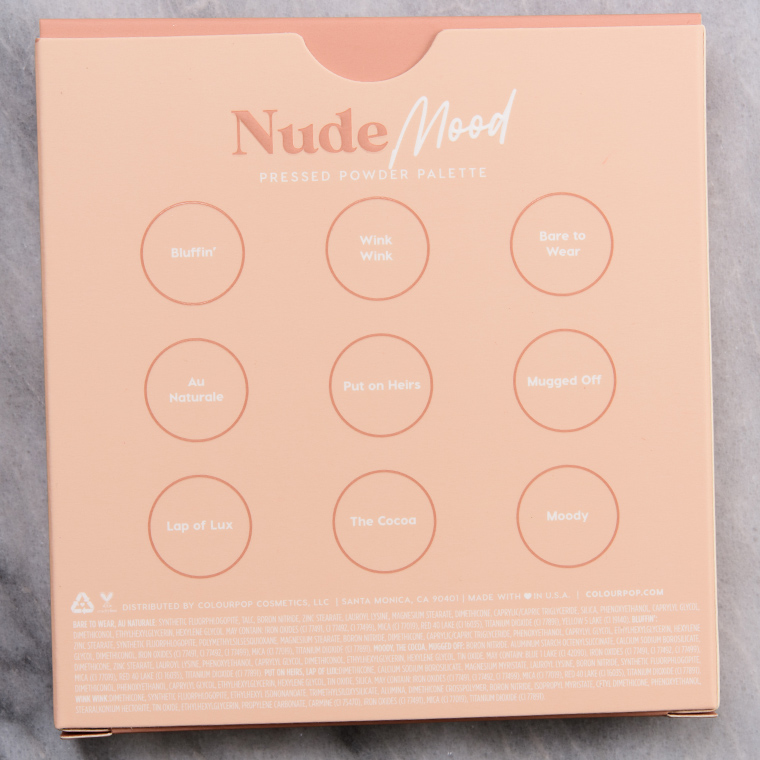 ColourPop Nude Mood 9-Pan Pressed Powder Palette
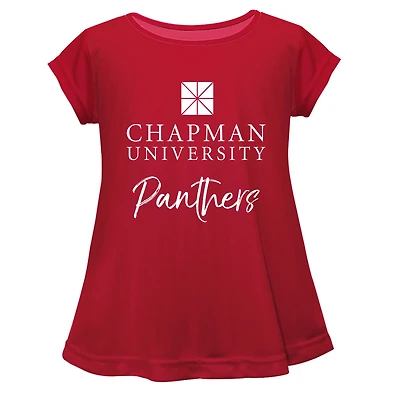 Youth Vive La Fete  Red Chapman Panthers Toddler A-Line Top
=====
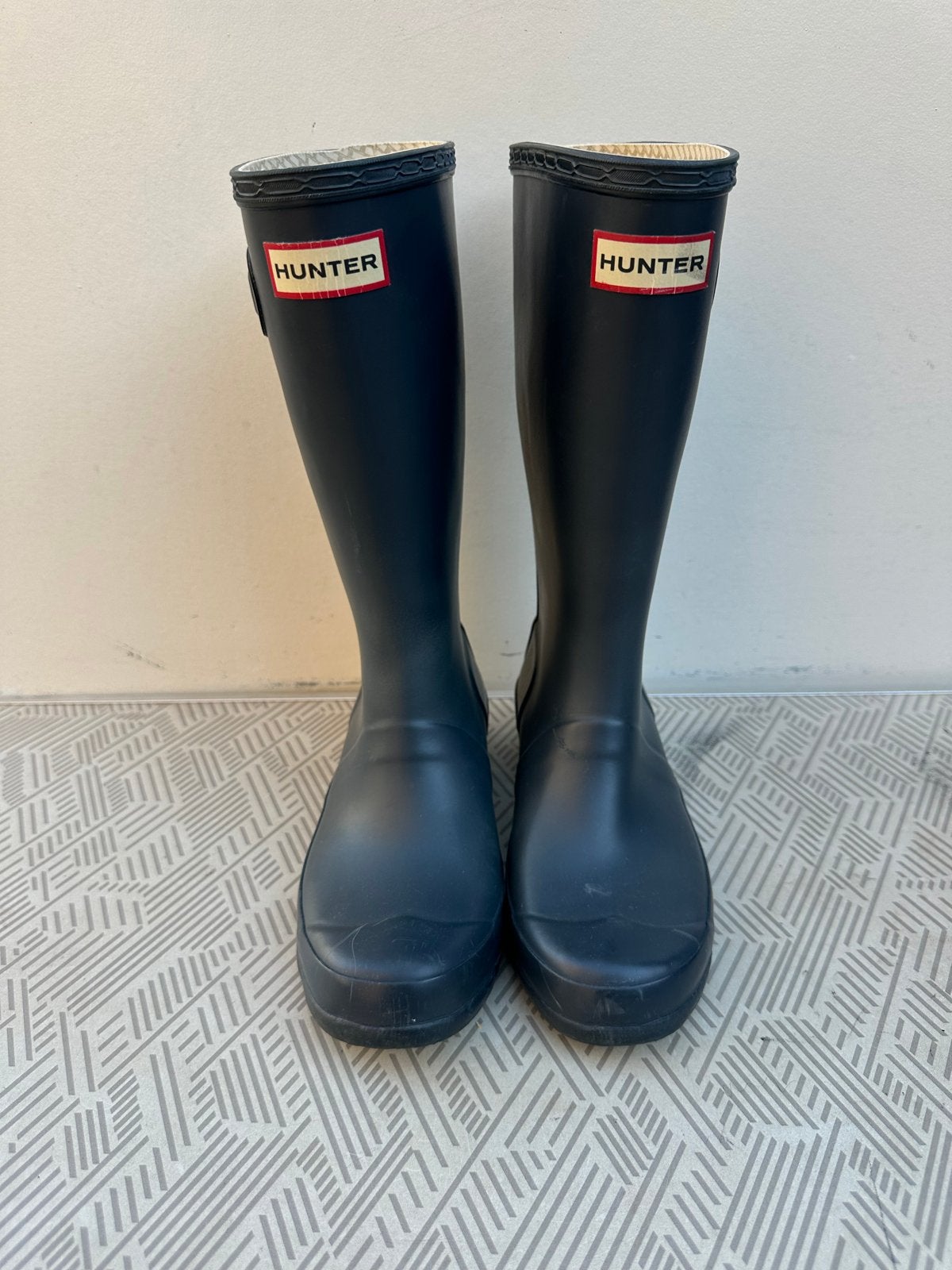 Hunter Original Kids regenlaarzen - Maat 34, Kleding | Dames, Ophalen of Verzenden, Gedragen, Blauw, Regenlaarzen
=====
▶ **Task details**
From the records above, write out exactly the lines that begin at the line with "ColourPop Nude Mood" and end at the line with "Youth Vive La Fete". Pictures must not appear in the output.

▶ **Problem solution**
 ColourPop Nude Mood 9-Pan Pressed Powder Palette
 Youth Vive La Fete  Red Chapman Panthers Toddler A-Line Top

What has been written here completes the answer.